JUDGMENT OF THE COURT (Eighth Chamber)

7 July 2022 (*)

(Reference for a preliminary ruling – Road transport – Social legislation – Regulation (EC) No 561/2006 – Exceptions – Article 13(1)(b) – Notion of ‘a radius of up to 100 kilometres (km) from the base of the undertaking’ – Vehicles effecting carriage within and also outside of that radius)

In Case C‑13/21,

REQUEST for a preliminary ruling under Article 267 TFEU from the Judecătoria Miercurea Ciuc (Court of First Instance, Miercurea Ciuc, Romania), made by decision of 10 November 2020, received at the Court on 4 January 2021, in the proceedings

Pricoforest SRL

v

Inspectoratul de Stat pentru Controlul în Transportul Rutier (ISCTR),

THE COURT (Eighth Chamber),

composed of N. Jääskinen, President of the Chamber, N. Piçarra (Rapporteur) and M. Gavalec, Judges,

Advocate General: N. Emiliou,

Registrar: A. Calot Escobar,

having regard to the written procedure,

after considering the observations submitted on behalf of:

–        the Polish Government, by B. Majczyna, acting as Agent,

–        the European Commission, by L. Nicolae and C. Vrignon, acting as Agents,

after hearing the Opinion of the Advocate General at the sitting on 10 March 2022,

gives the following

Judgment

1        This request for a preliminary ruling concerns the interpretation of Article 13(1)(b) of Regulation (EC) No 561/2006 of the European Parliament and of the Council of 15 March 2006 on the harmonisation of certain social legislation relating to road transport and amending Council Regulations (EEC) No 3821/85 and (EC) No 2135/98 and repealing Council Regulation (EEC) No 3820/85 (OJ 2006 L 102, p. 1), as amended by Regulation (EU) 2020/1054 of the European Parliament and of the Council of 15 July 2020 (OJ 2020 L 249, p. 1) (‘Regulation No 561/2006’).

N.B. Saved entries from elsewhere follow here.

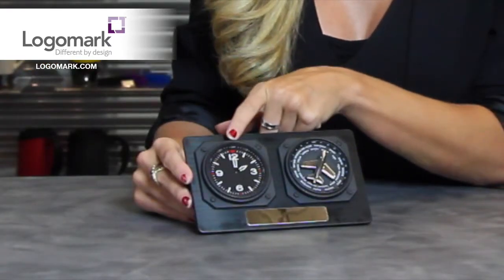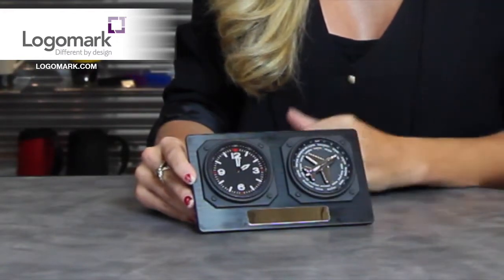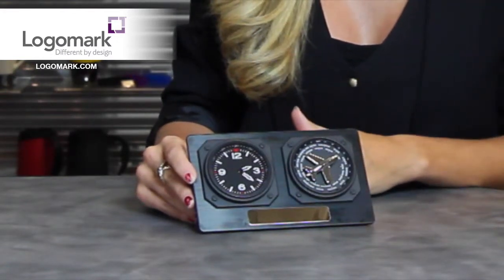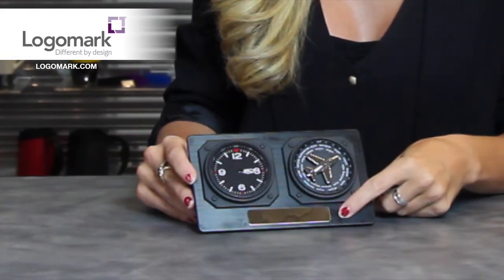This clock includes an analog clock, and you can rotate the airplane to any heading and it will set to one of 24 time zones around the world. The decoration method is going to be laser engraved on the front and the bottom.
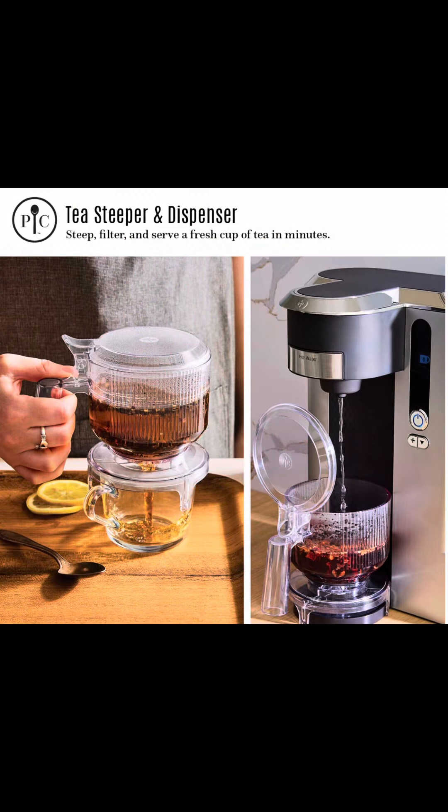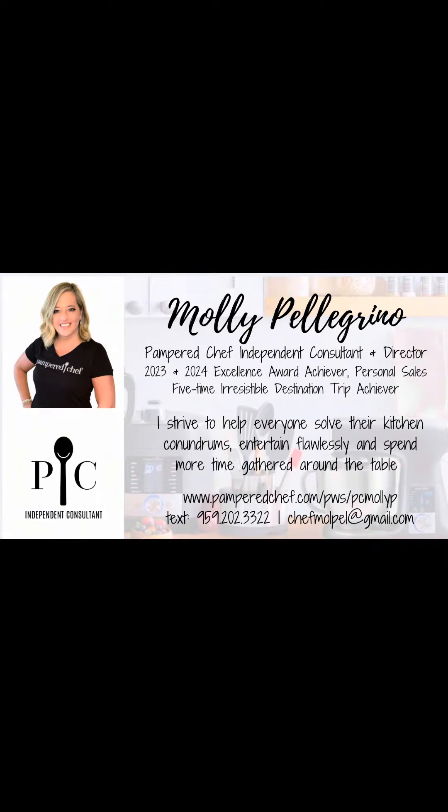We've got some delicious vanilla chai tea with no floating leaves in it. Mmm, delicious. So you're going to want to get that tea steeper and dispenser for yourself and anyone that you know that loves fresh-made, homemade tea with the loose leaves. Thanks a lot for watching.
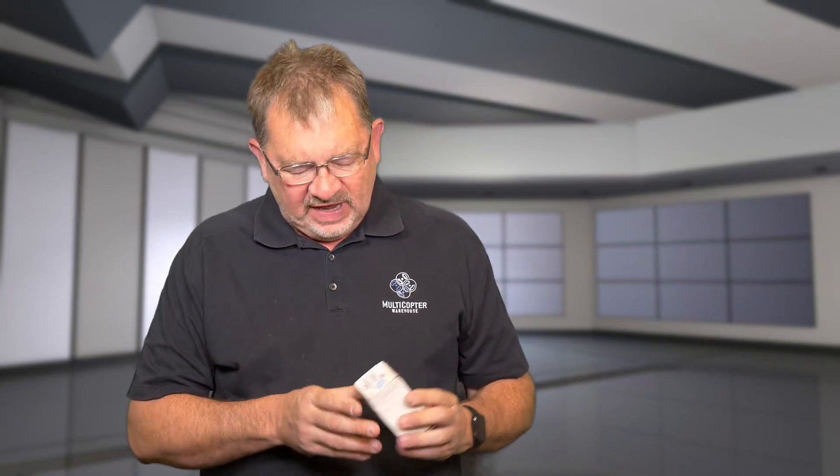Hi, this is Kerry with Multicopter Warehouse. Today I have a very cool product that we just got in stock here at Multicopter Warehouse and the DJI Colorado store in Lone Tree. It is the Avio Engineering PicoMax drone strobe — it comes in this little box here. I'll go ahead and open it up for a quick little unboxing.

2        The request has been made in proceedings between Pricoforest SRL, an undertaking operating in the forestry sector, established in Romania, and the Inspectoratul de Stat pentru Controlul în Transportul Rutier (State Road Transport Inspectorate, Romania; ‘ISCTR’) concerning administrative penalties imposed on that undertaking for infringements of the rules on the daily driving time and daily rest period of drivers.

 Legal context

 European Union law

3        Recital 17 of Regulation No 561/2006 states as follows:

‘This Regulation aims to improve social conditions for employees who are covered by it, as well as to improve general road safety. It does so mainly by means of the provisions pertaining to maximum driving times per day, per week and per period of two consecutive weeks, the provision which obliges drivers to take a regular weekly rest period at least once per two consecutive weeks and the provisions which prescribe that under no circumstances should a daily rest period be less than an uninterrupted period of nine hours. …’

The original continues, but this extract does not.